* _PROVIDED DATA_:
• • • • • • •
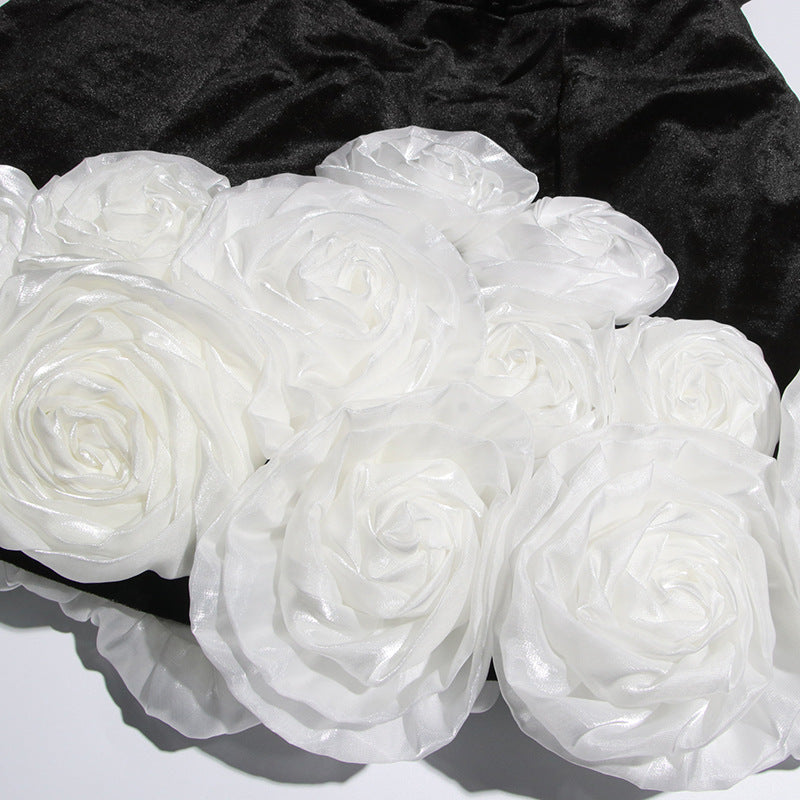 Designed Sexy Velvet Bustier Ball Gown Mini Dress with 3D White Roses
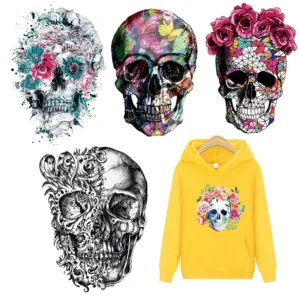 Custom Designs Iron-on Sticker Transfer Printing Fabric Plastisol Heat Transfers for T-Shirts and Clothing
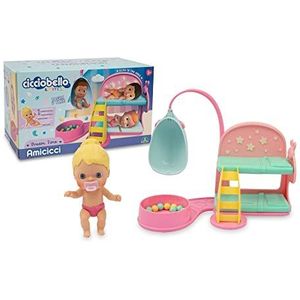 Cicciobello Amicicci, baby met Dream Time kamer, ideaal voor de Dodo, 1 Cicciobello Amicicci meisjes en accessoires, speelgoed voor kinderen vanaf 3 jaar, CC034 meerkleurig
• • • • • • •
* _WORK REQUIRED_: Begin at the first line of the material and copy each line exactly through the one containing "Custom Designs Iron-on". Omit pictures.

* _SOLUTION_:
 Designed Sexy Velvet Bustier Ball Gown Mini Dress with 3D White Roses
 Custom Designs Iron-on Sticker Transfer Printing Fabric Plastisol Heat Transfers for T-Shirts and Clothing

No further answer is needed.